This article is more than 9 years old

Finally understanding the RAB charge

Johnathan Simons digests Andrew McGettigan's new HEPI pamphlet which is the authoritative word on how student loan debt is treated in accounting terms by the government. And as important as his findings, are the many questions that his investigation pose for policy.
This article is more than 9 years old

Jonathan is a partner and head of education at Public First

Andrew McGettigan’s latest paper for HEPI is an extremely important contribution to what is possibly one of the wonkiest issues out there – the treatment of student loan debt and repayments in the national accounts.

‘Oh God’, say most people at this point, ‘Haven’t we heard enough about RAB?’ This was certainly the approach taken by David Willetts, as the paper points out, who quote him as saying both “The RAB charge is not real money that is actually being spent and that can be diverted to another purpose” and “One piece of advice I would give to my excellent successor is that he should go back to Treasury and ask why we are all having an argument about a figure that is based on a completely incorrect assumption for the cost of Government borrowing.”

But unusually, Willetts (and everyone else) was wrong. For as the paper carefully sets out, a very little-known switch was made in 2014, that averted an immediate BIS spending crunch, and changed the rules on how loans are accounted for and how lower than expected repayment levels are managed.

Under this plan, BIS was given an additional facility from Treasury, in what is known as their AME spend, to manage fluctuating levels of loan repayments (AME being that element of spending which it is recognised that an individual government department has less control over because it is demand led  – the classic examples being welfare, tax credits or public sector pensions) but – vitally – BIS also “agreed” with the Treasury (in time-honoured Whitehall fashion) that they would cover the costs of one thirtieth of that extra spending every year from within their immediate controllable current expenditure (DEL) budget.

It is worth quoting the relevant paras from the paper in full:

In 2013/14, BIS used £800 million of this facility. For that year and the following twenty-nine years, one thirtieth of the excess (£26 million) is charged back to BIS, which must find the resources to cover the charge by making cuts to its other planned spending in non-ring-fenced DEL.

For 2014/15, BIS has permission to utilise £2.0 billion of AME. Were it to utilise that in full, the AME facility would increase to nearly £2.8 billion and one-thirtieth of that, from now on roughly £90 million, would need to be cut from planned spending in subsequent years.

Three immediate thoughts spring to mind having digested this paper.

First, we do need to understand RAB. It is not just an arcane accounting treatment of debt that may or may not be repaid in thirty years time, rather it has immediate consequences in the near term – specifically, that BIS will need to continue to service an element of it from within their shrunken 2015-2020 DEL budget.
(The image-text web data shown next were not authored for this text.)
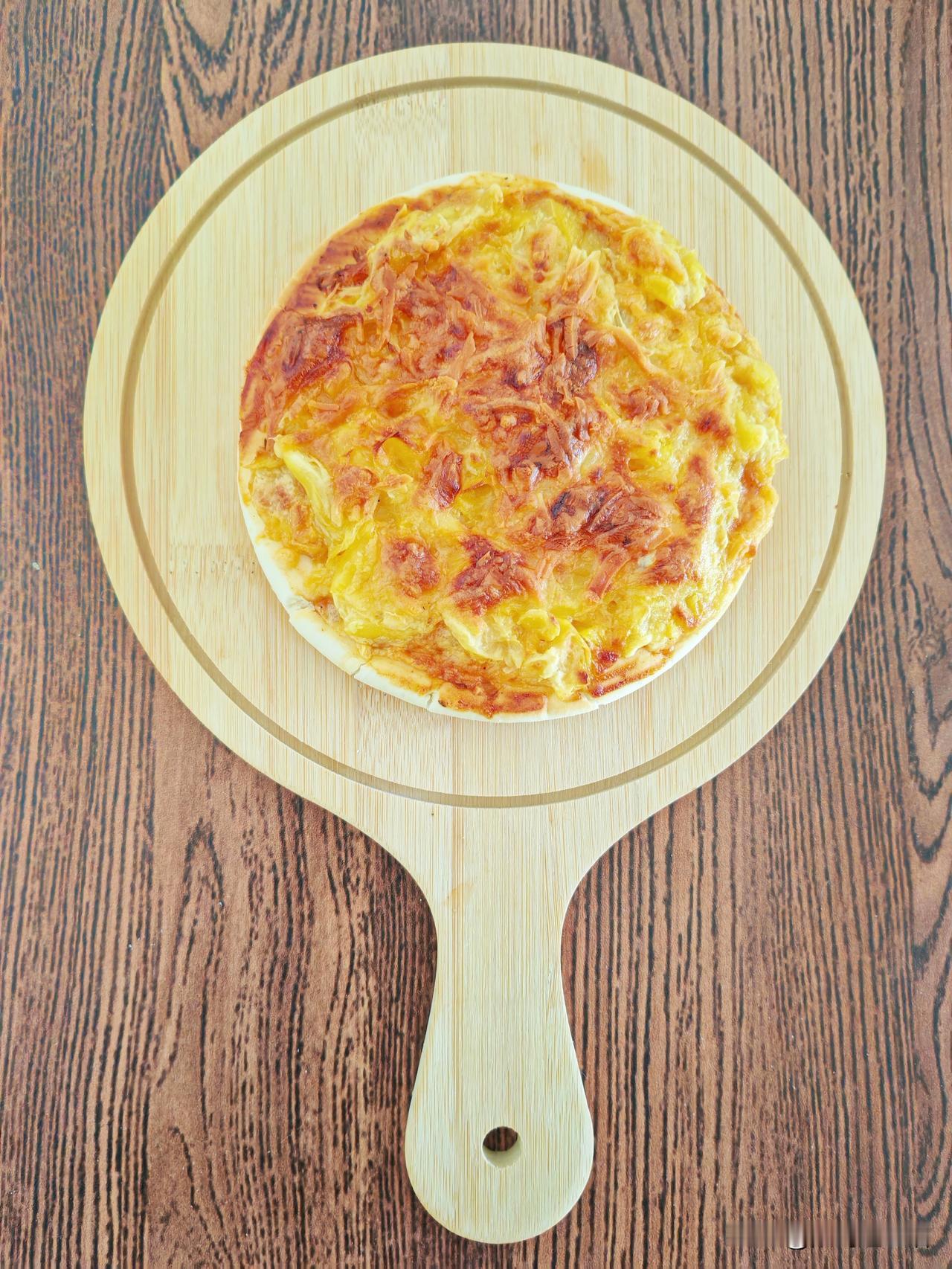 三天不练手生，包括做披萨这件事。
很久没有做披萨了，女儿回来说要吃我做的榴莲披萨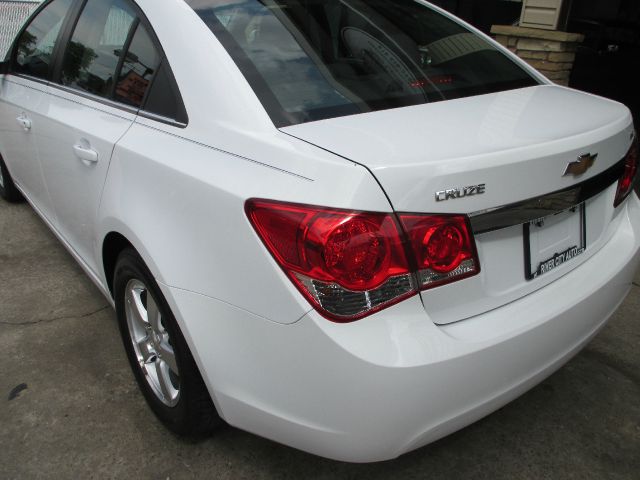 Chevrolet Cruze 2011 photo 4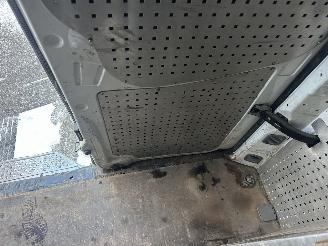 Volkswagen Crafter 30 2.0 TDI 109pk 6-bak L2/H2 Bleum. euro5 - nap - navi - 3 pers - clima - cruise - distr+wp vernieuwd 173dkm picture 50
It therefore plays more significantly than perhaps realised into wider policy debates about what an HE funding model ought to look like in the longer term.

Secondly, the HEPI paper makes the argument forcefully that this accounting treatment is driving policy decisions – specifically, that BIS are trying to sell the student loan book not because it is necessarily the best policy decision, but that it would allow the debt from loans which currently scores on the Public Sector Net Debt figures to be wiped off; and separately, that this short term cost to serving the AME facility may push BIS towards increasing student loan repayment rates in the short term to reduce the need for extra AME spend.

I am more conflicted on this point. Of course, in an ideal world, policymakers and politicians would consider what is the “best” scenario for any policy and then find the money (or go and ask Treasury for the money) to pay for it. And a scenario in which actively bad policy decisions were made purely for accounting reasons would be unhelpful. Yet the opposite example – where policy is made with no heed of accounting or public spending consequences – is also unhelpful. Ultimately, Treasury keeps an eye on public spending because if it doesn’t, there comes a point where nothing can happen in policy at all. Policy demand and public spending supply must be kept in balance.

Thirdly, and relatedly, this is not an HE specific issue. Similar issues play out in debates about whether councils ought to be able to build new housing stock, or whether Academies can borrow money for capital expansion. As the Spending Review approaches, these fiendishly technical issues of accounting will impact on public policy in a number of areas. And, unlike the 2014 BIS switch, deserve a wider discussion at the time.